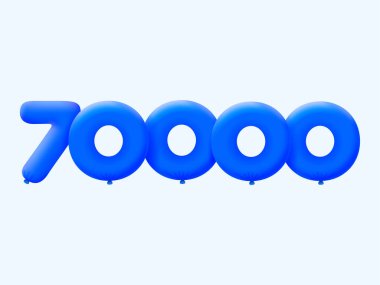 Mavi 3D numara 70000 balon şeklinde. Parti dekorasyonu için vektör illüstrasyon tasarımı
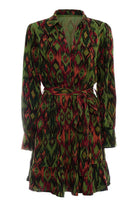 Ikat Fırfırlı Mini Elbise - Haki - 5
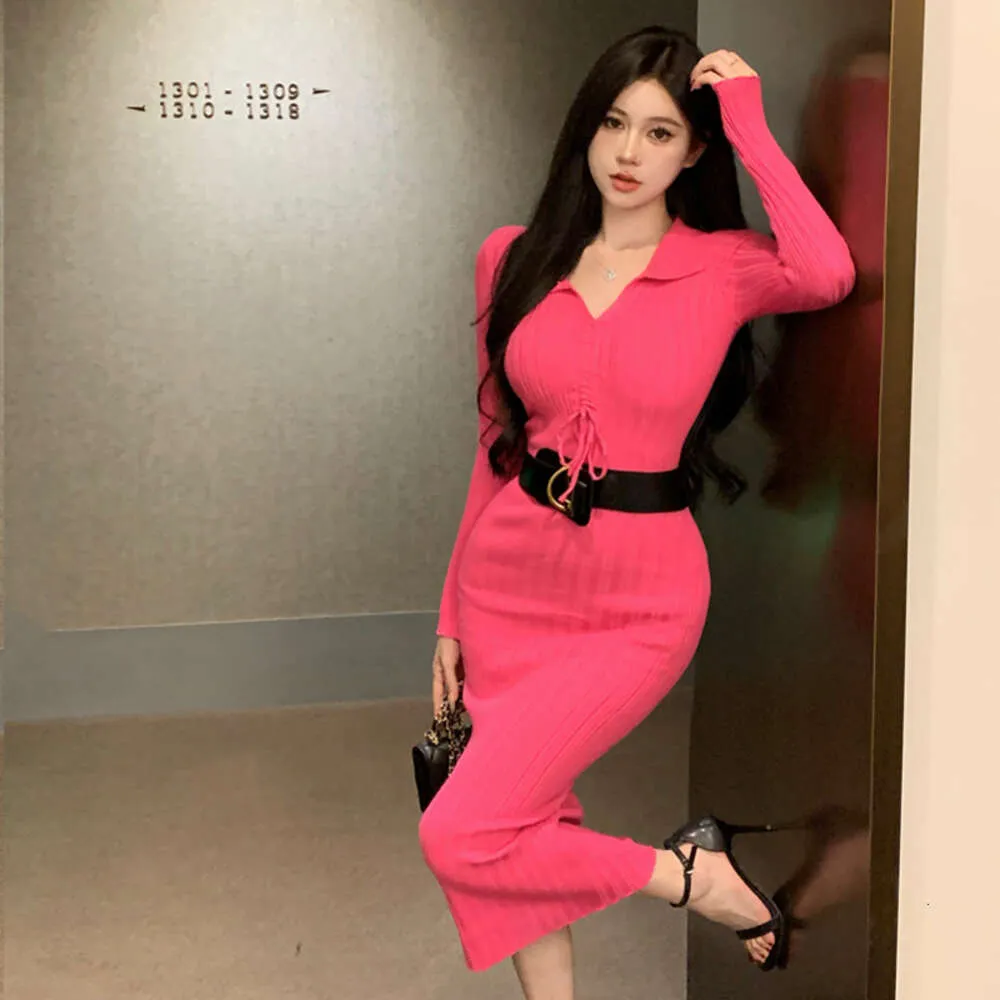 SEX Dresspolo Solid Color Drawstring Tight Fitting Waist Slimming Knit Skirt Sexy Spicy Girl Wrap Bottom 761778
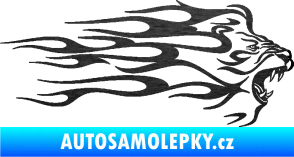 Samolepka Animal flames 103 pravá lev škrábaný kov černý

----------------------------------------

WHAT THE TASK ASKS: Copy the material above exactly and drop the pictures.

EXERCISE SOLUTION:
 Mavi 3D numara 70000 balon şeklinde. Parti dekorasyonu için vektör illüstrasyon tasarımı
 Ikat Fırfırlı Mini Elbise - Haki - 5
 SEX Dresspolo Solid Color Drawstring Tight Fitting Waist Slimming Knit Skirt Sexy Spicy Girl Wrap Bottom 761778
 Samolepka Animal flames 103 pravá lev škrábaný kov černý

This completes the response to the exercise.